• [Description of the task]
Below are records with pictures. Reproduce exactly the lines from the line with "Fitz And Floyd" to the line with "Ceas vertical de", inclusive, and leave each picture out.

• [Supplied records]
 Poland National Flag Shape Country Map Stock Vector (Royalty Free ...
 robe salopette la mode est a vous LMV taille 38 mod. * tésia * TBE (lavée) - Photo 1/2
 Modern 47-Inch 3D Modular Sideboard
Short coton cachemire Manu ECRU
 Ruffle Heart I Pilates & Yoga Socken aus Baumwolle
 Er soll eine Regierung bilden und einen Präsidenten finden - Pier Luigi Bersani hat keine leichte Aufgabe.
...
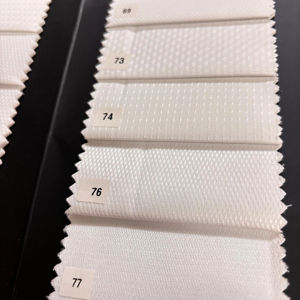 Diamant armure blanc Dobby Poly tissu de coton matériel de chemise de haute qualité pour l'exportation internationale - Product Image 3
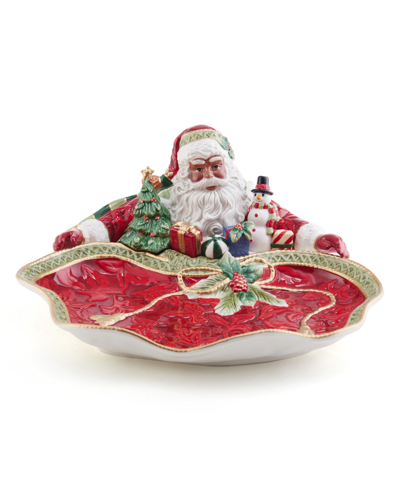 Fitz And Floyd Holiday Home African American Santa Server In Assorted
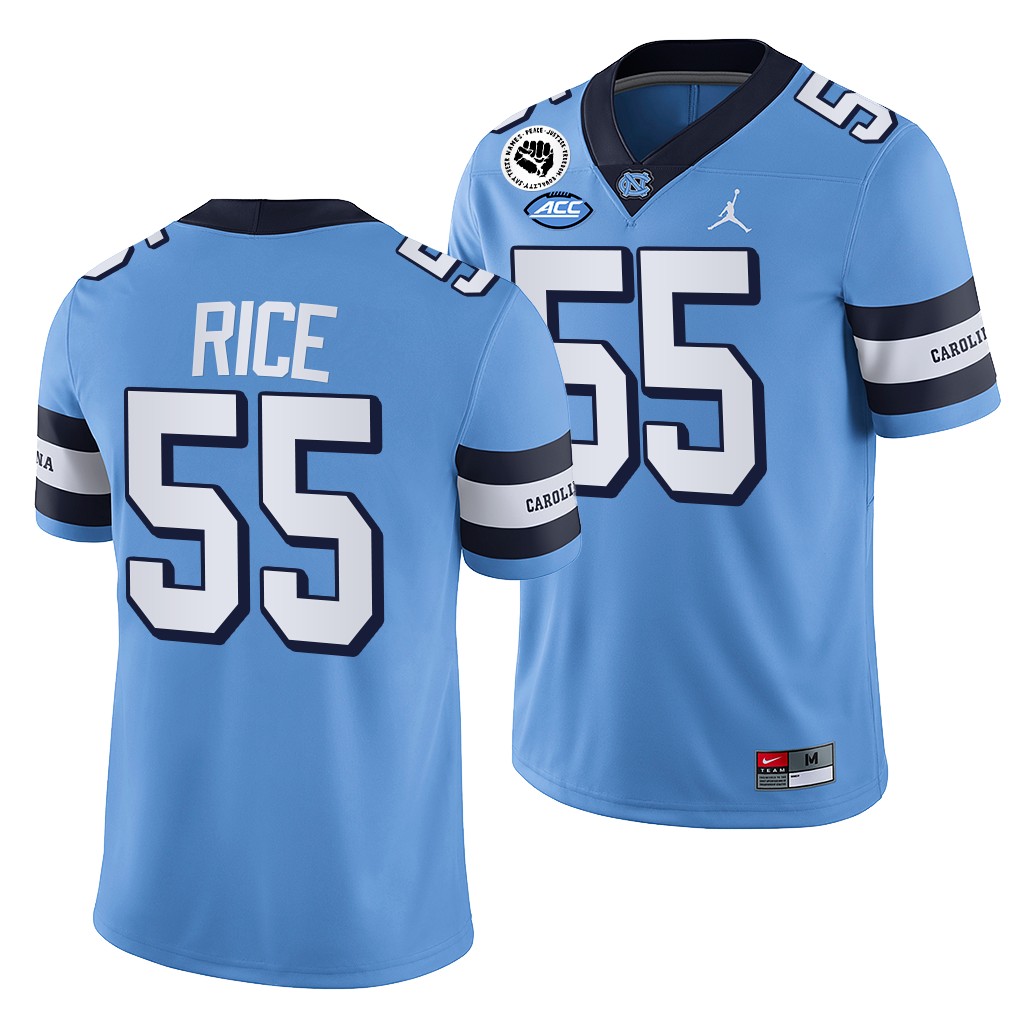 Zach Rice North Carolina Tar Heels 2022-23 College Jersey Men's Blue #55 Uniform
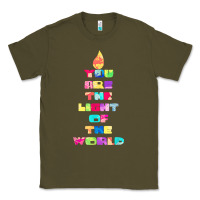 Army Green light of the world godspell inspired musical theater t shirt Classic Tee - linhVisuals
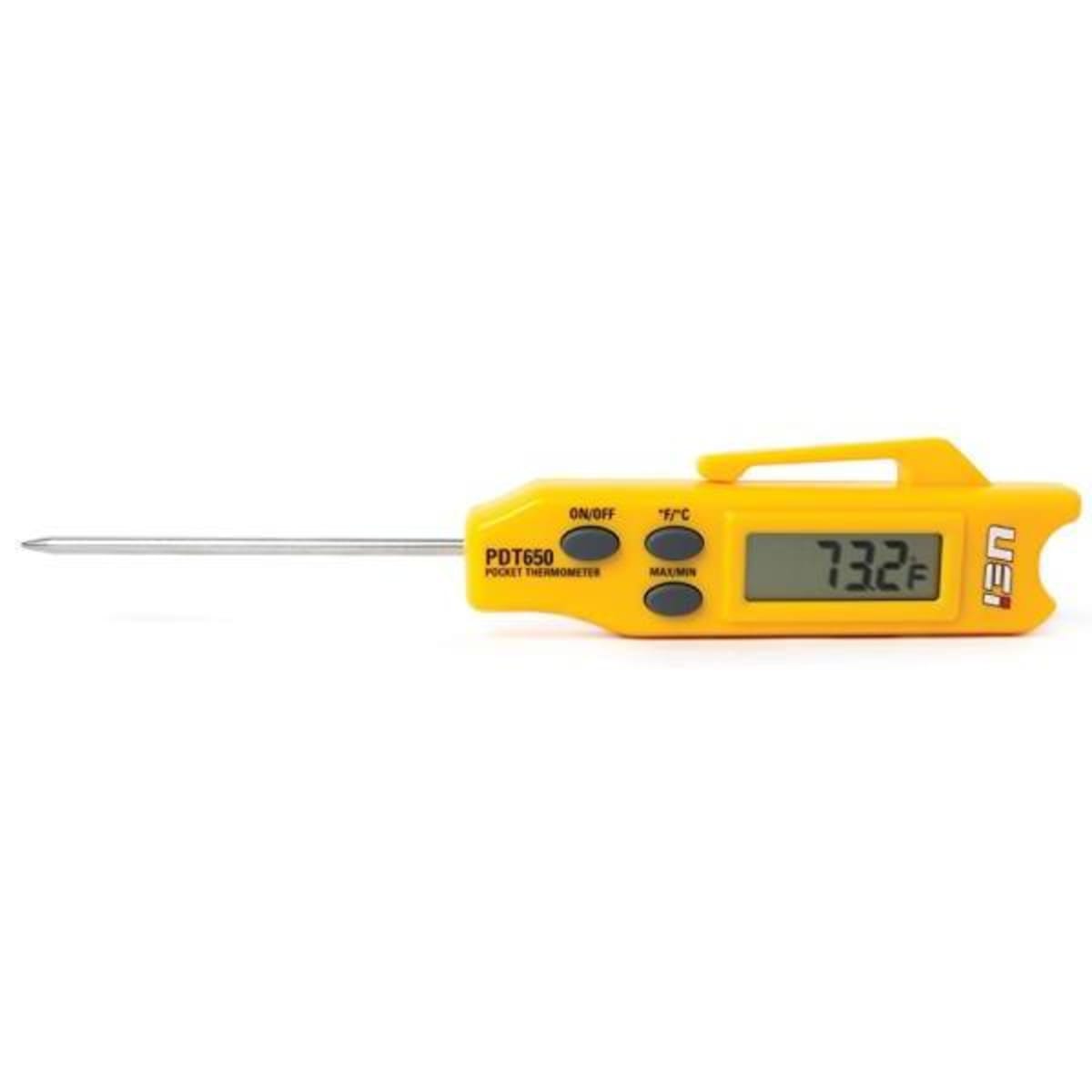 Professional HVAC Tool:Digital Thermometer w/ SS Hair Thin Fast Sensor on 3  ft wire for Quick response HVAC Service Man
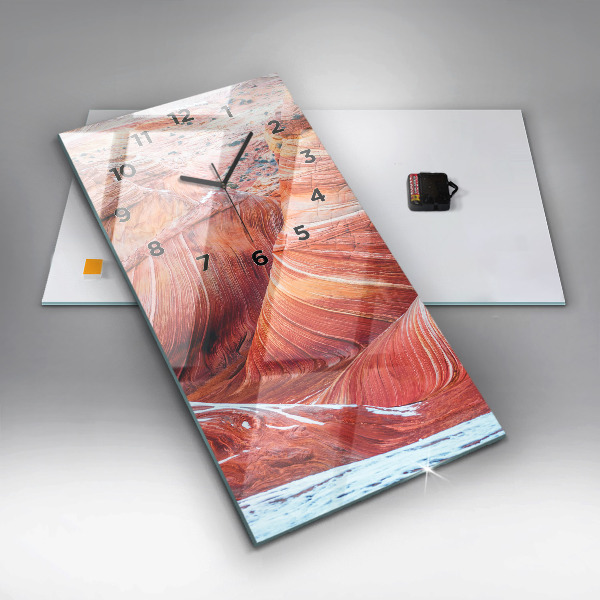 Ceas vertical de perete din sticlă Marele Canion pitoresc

• [Answer box]
 Fitz And Floyd Holiday Home African American Santa Server In Assorted
 Zach Rice North Carolina Tar Heels 2022-23 College Jersey Men's Blue #55 Uniform
 Army Green light of the world godspell inspired musical theater t shirt Classic Tee - linhVisuals
 Professional HVAC Tool:Digital Thermometer w/ SS Hair Thin Fast Sensor on 3  ft wire for Quick response HVAC Service Man
 Ceas vertical de perete din sticlă Marele Canion pitoresc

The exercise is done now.